**About this exercise**
Transcribe exactly the lines from the one holding "A colorful gift" through the closing line of the entries below. Pictures stay out of the copy.
----
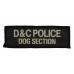 Devon & Cornwall Police Dog Section Cloth Patch Badge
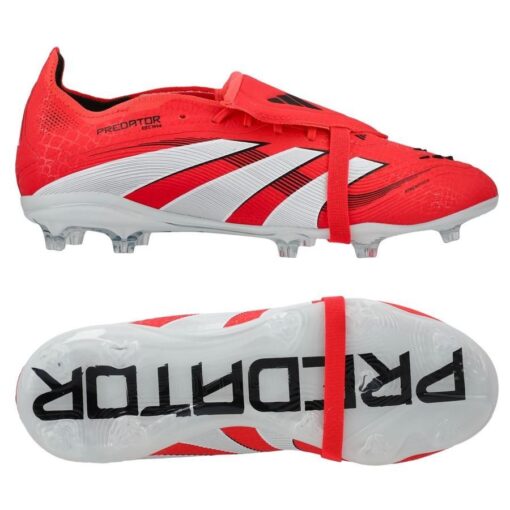 adidas Predator Elite Fold-over Tongue FG Pure Victory - Rød/Hvid/Sort Børn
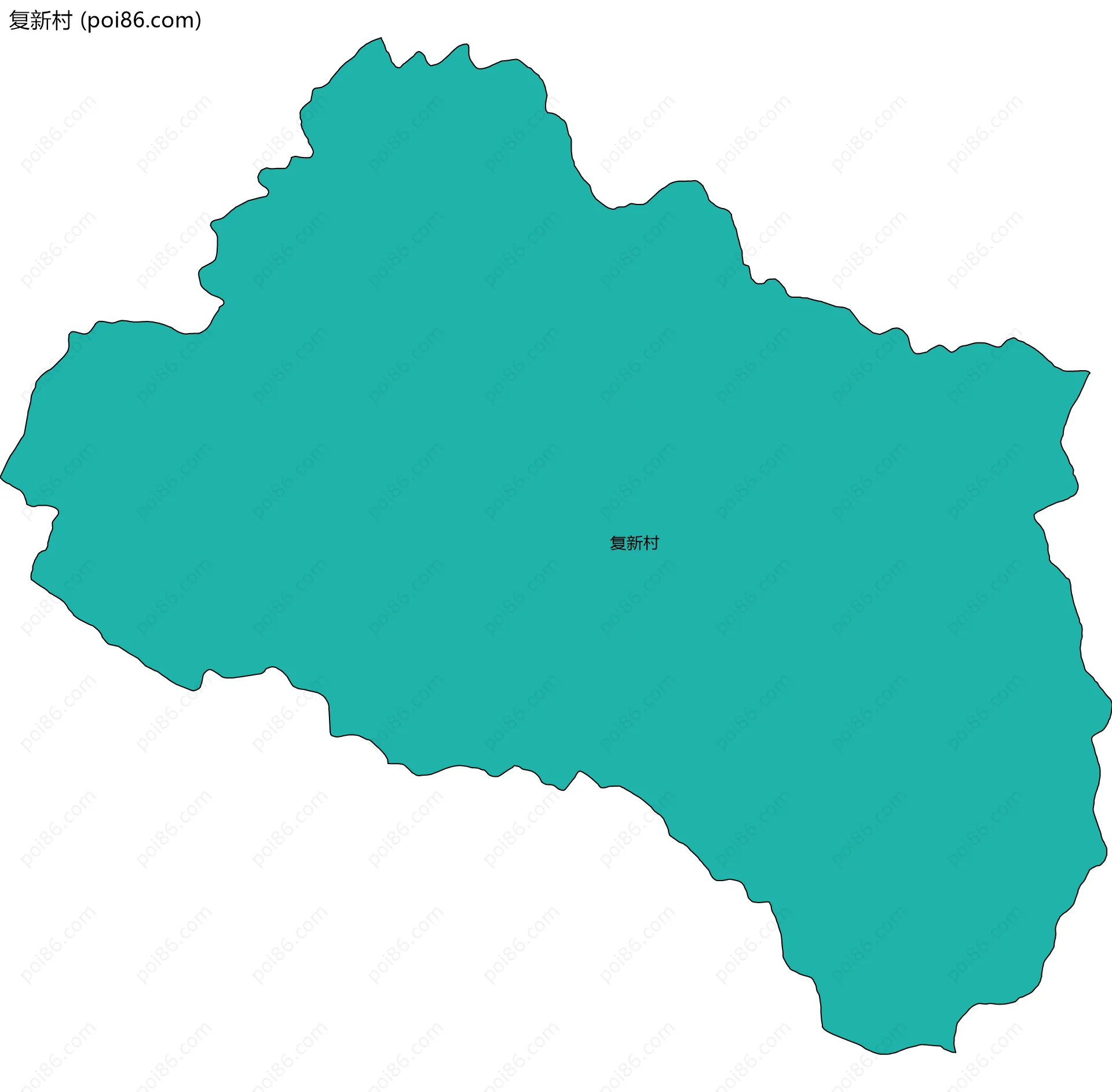 复新村边界地图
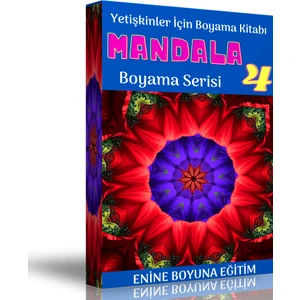 Enine Boyuna Eğitim Yetişkinler Için Boyama Kitap Serisi-4
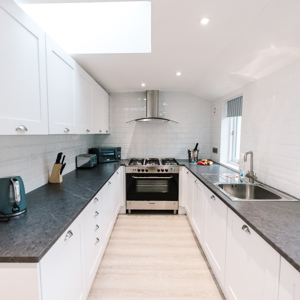 Fully equipped kitchens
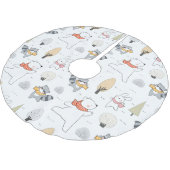 Schattige bosdieren kerstboom rok (Gekanteld)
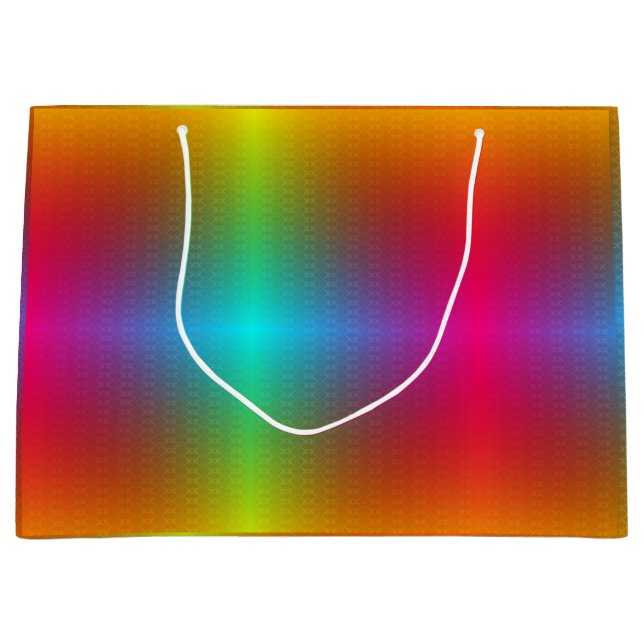 A colorful gift bag with a vibrant gradient  (Front)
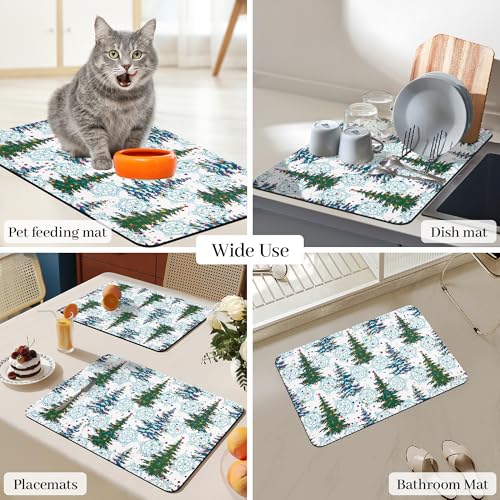 Christmas Drying Mat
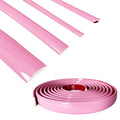 16Ft Soft Pink Car Motor Bike Self-Adhesive Exterior and Interior Molding Trim Universal Dashboard Bumper Window Door Body Side Decorative Strip Scratch-Proof (Width: 1/2 inch (12mm)) - style: Width: 1/2 inch (12mm)
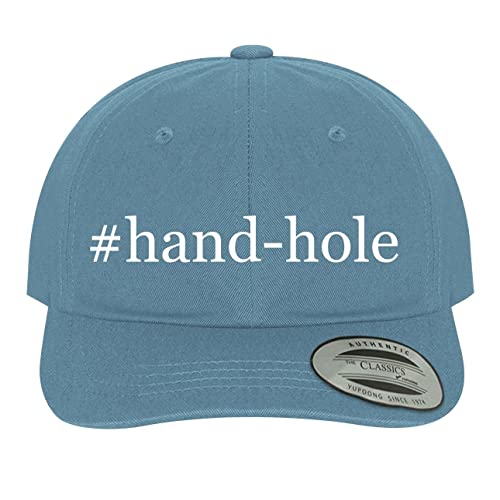 #Hand-Hole - Hashtag Soft Light Blue Dad Hat Baseball Cap, One Size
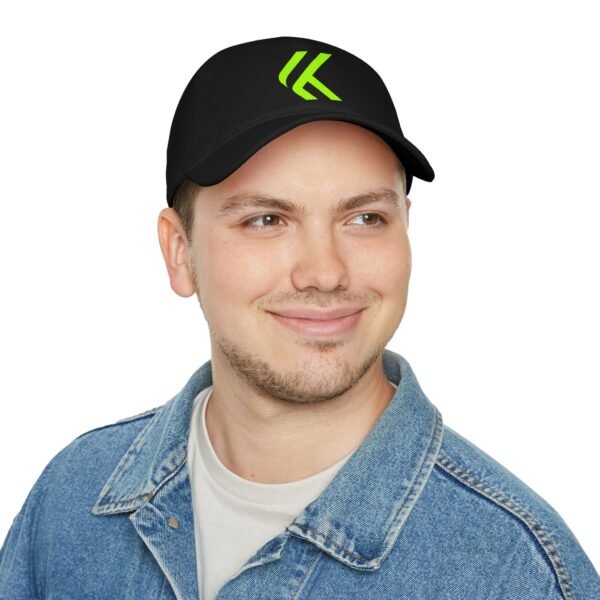 Kanto Vibrant Low Profile Baseball Cap - Bright Red with Neon Green Design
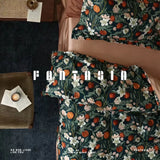 Load image into Gallery viewer, FANTASIA set dream planet [autumn flower red] retro American satin long-staple cotton four-piece light luxury bedding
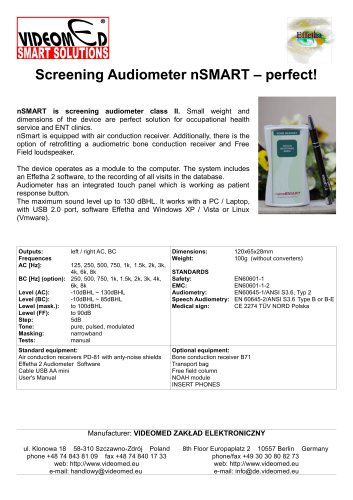 Screening Audiometer nSMART - perfect!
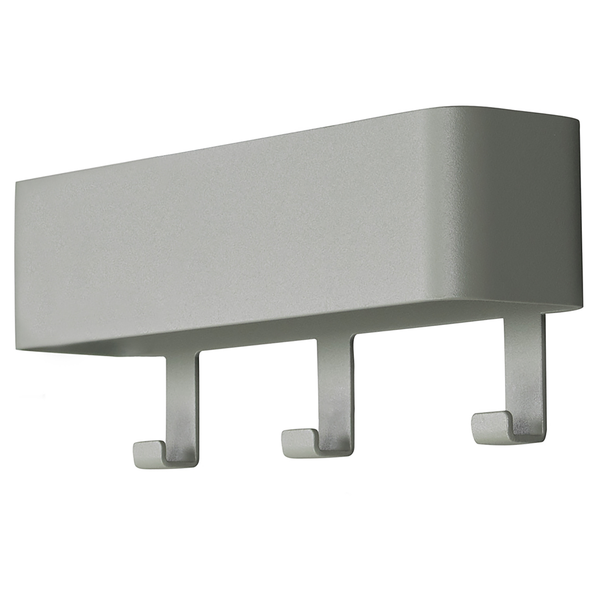 Garderobenleiste Hickory - Metall - Mintgrau - Breite: 27 cm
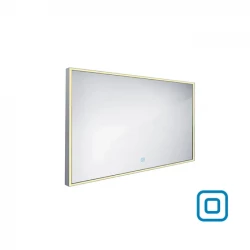 Nimco zrkadlo LED senzor 1200 x 700 Model 13000 hliníkový rám ZP 13006V (ZP 13006V)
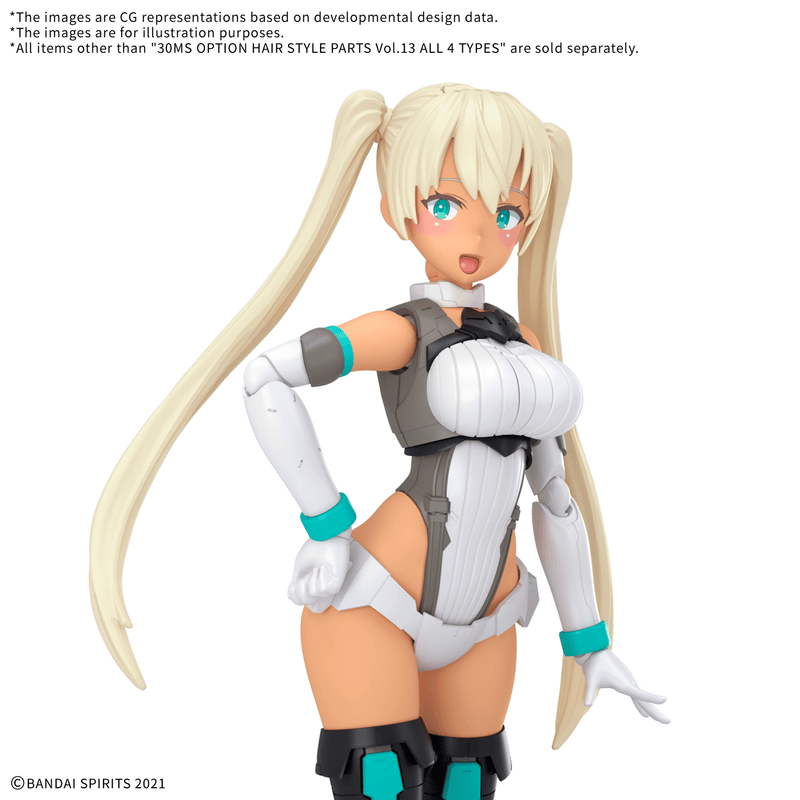 Load image into Gallery viewer, 30 Minutes Sisters - Option Hairstyle Parts Vol. 13: Twintails 1 (Yellow 5)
----
**Reply to the exercise**
 A colorful gift bag with a vibrant gradient  (Front)
 Christmas Drying Mat
 16Ft Soft Pink Car Motor Bike Self-Adhesive Exterior and Interior Molding Trim Universal Dashboard Bumper Window Door Body Side Decorative Strip Scratch-Proof (Width: 1/2 inch (12mm)) - style: Width: 1/2 inch (12mm)
 #Hand-Hole - Hashtag Soft Light Blue Dad Hat Baseball Cap, One Size
 Kanto Vibrant Low Profile Baseball Cap - Bright Red with Neon Green Design
 Load image into Gallery viewer, FANTASIA set dream planet [autumn flower red] retro American satin long-staple cotton four-piece light luxury bedding
 Screening Audiometer nSMART - perfect!
 Garderobenleiste Hickory - Metall - Mintgrau - Breite: 27 cm
 Nimco zrkadlo LED senzor 1200 x 700 Model 13000 hliníkový rám ZP 13006V (ZP 13006V)
 Load image into Gallery viewer, 30 Minutes Sisters - Option Hairstyle Parts Vol. 13: Twintails 1 (Yellow 5)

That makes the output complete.